Of course this seems like a no-brainer! You need two parents to properly raise a child. But it wasn't until I had Alexander, that I realized how grateful I was to not be a single parent. I'm sure that single parents do what they can and make it work, but I honestly could not have survived without Scott. He helped me so much, and continues to be a great father. There were nights where Alexander fed every two hours, and it seemed like those nights lasted longer than I could have imagined. Scott would sit up with me in those moments and play Bill Cosby or Brian Reegan skits to help me through it. In the first few months, breastfeeding was really painful (something I never knew could happen before having Alexander), and Scott's willingness to just sit up with me and distract me from the pain, helped so much! He would even go get me a cold glass of ice water so I would stay hydrated. He has also been great at giving me my own time. On days when I felt super wiped out, he would tell me to go put my swimsuit on and jump in the hot tub while he watched the baby. He would tell me to get out and do something fun for myself for a little while. It helped a ton! But most importantly, he is an amazing Dad! Scott's first diaper change was Alexander's first dirty diaper. From the beginning, Scott was willing to jump in and help, even if it was new and a little scary. He was always there helping to bathe Alexander, to read stories to him, to sing to him, and help put him into bed. I have to say that I love our nighttime routine, because it includes both of us. I love helping to put Alexander to bed as a family. I feel like one lucky girl. This past year would have been so much harder without my sweet husband. I am so grateful for all he has done for me!

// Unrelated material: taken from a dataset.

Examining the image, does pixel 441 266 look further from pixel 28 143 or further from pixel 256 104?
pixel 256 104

Lesson #7: You are better than you think you are.
There are so many times as a parent, where you start to wonder if you are doing any good. It seems that Sally down the street is a perfect Mom. She seems to have it all together. Her house is always clean, she plays with her baby tons, and her baby is already sleeping through the night and hitting milestones that your baby is not. I know they say not to compare your child to others, but it is so hard to avoid doing! And even harder to avoid, is the temptation of comparing myself to other moms. It always seems that there is something I could be doing better and so many areas that I lack. Constantly, I have had to go to my Father in Heaven or my husband and ask them how they feel I am doing. Luckily, that usually does the trick. Remember that no matter how great Sally is at being a mom, you are doing the best you can for your little one, and that's what counts! I have learned that I really am a better mom than I think I am, and though I strive to be a little better each day, my little guy adores me just as I am :)

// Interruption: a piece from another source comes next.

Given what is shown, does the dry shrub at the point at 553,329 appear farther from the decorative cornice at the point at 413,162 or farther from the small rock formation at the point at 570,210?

Lesson #8: Enjoy the little things.
At the end of the day, I need to be reminded to just take joy in the little things. Life can get so busy and my to-do list can seem unending, but the reality is that he will only be my little guy for so long. The laundry can wait, the dishes can pile up, and my facebook status can be non-existent for a few days. What really matters are those moments when I hear him giggle, or see him learn something new, or realize he just wants to cuddle. Those are the moments that make all those stressed out days, and all those tired nights, worth it. When he wraps his arms around me to give me a great big hug, or launches himself into my arms while being held by someone else, in those moments, I know I am the center of his world, and I absolutely love it! It's seeing his joy as we pick his first flower on a walk, or watching him knock over blocks, or see him squeal with delight as he chases Daddy around the house. Those moments just take your breath away. One day, I hope to be the kind of mom who takes so much joy in the little things, that having a spotless house or tons of "me time" won't compare with those little moments that give me so much joy.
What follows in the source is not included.